Posted: Wed Feb 13, 2008 7:09 am
by Maveric
Could be because of duplicates in the right link. For a record in the left link, if there are multiple matches in the right link, then the output will be multiple records. Remove duplicates on the right link.

Posted: Wed Feb 13, 2008 8:31 am
by chulett
:? Didn't we just go thru this recently? Nothing about doing an inner join ensures you only get out as many rows as exist on one side of the join. It's all about the keys and data in both tables. It is about multiple matches on the 'right' table in your case.

Posted: Wed Feb 13, 2008 8:58 am
by abhilashnair
Two things I left out to mention:
The right table which has 5 million records has no duplicates for the key combination which I mentioned in the join.
Secondly, I fired the same inner join query in db2 which returned exactly 216 records.
So when we do a inner join on these tables via a SQL query you get 216 rows .
You create a PX job and u get 1896 records..this beats me

Posted: Wed Feb 13, 2008 9:47 am
by kcbland
Please describe your design: Are you talking about User-SQL or a Join stage? In your Join stage, how are you matching the keys (could leading spaces or zeroes be the difference)?

Posted: Wed Feb 13, 2008 10:02 am
by chulett
Which means you are not performing the same 'join' in your job, and why Ken is asking for details of your job design.

Posted: Thu Feb 14, 2008 12:29 am
by abhilashnair
I am using Join stage. there are two inputs to the join stage. Both inputs are ODBC stages. Both have a simple select statement with order by.
All the primary keys have been added to join stage.
There are no duplicates in the right table. In the left table there are duplicates but total number of rows is 216. For every row in left table there is one and only one match in the right table.

Posted: Thu Feb 14, 2008 12:49 am
by ray.wurlod
What partitioning are you using on the inputs to your Join stage?

Posted: Thu Feb 14, 2008 1:00 am
by abhilashnair
I tried hash as well as round robin..Both are yielding same result. I have also set disable sort insertion as true. The join stage is perfroming the sort

Posted: Thu Feb 14, 2008 4:56 am
by ray.wurlod
Try using explicit Sort stages on the inputs to the Join stage, even if they have Sort Mode set to "Don't sort (previously sorted)".
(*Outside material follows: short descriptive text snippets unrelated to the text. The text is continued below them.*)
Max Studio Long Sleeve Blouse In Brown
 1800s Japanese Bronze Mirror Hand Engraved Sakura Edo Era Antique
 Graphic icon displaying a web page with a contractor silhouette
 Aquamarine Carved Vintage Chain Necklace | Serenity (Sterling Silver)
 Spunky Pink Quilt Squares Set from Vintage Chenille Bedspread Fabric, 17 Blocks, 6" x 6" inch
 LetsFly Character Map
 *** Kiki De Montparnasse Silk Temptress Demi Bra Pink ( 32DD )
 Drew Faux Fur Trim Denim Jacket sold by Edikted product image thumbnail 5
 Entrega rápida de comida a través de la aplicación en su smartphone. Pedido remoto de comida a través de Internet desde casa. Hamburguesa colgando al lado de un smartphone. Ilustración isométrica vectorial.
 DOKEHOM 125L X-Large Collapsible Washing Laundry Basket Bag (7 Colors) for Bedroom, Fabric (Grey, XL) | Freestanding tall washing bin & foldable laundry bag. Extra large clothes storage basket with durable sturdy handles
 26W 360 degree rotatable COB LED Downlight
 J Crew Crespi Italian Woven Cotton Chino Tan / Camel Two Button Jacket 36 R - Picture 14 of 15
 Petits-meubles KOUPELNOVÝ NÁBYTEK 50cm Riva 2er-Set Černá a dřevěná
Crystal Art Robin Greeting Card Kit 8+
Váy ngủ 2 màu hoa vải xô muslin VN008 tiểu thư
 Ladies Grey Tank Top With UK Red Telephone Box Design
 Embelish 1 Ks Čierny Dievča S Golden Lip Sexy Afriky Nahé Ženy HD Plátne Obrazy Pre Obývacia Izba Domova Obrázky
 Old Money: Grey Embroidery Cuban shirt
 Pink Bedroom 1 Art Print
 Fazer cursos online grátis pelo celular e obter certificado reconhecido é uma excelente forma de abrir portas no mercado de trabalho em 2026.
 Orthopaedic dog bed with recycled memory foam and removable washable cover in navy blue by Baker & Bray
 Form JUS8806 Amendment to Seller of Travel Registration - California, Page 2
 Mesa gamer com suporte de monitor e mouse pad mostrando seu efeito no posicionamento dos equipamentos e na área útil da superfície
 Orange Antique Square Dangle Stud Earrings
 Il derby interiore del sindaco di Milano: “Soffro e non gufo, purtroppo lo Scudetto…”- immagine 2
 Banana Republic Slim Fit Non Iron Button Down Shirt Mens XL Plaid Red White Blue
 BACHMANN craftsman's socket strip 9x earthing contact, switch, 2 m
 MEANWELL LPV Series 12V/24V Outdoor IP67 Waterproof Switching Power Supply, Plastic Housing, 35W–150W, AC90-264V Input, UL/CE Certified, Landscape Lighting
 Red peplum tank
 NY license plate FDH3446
Posted: Fri Feb 15, 2008 1:21 am
by abhilashnair
I removed duplicates from the left table which had 216 records...Now the output of join is as expected i.e equal to number of records in left table.
But it still is a puzzle that when there were 216 records why the output had 1896 records. Say even if there are duplicates you should get only those number which you have in left table
?

Posted: Mon Feb 18, 2008 4:28 pm
by sajarman
Hey, i have a question here...... For an inner join, does it really matter if one is a left link and the other right?

Posted: Mon Feb 18, 2008 4:37 pm
by chulett
By definition, for an inner join one is left and one is right but it doesn't matter which is which.

Posted: Thu Feb 21, 2008 3:55 pm
by sajarman
Thanks Craig!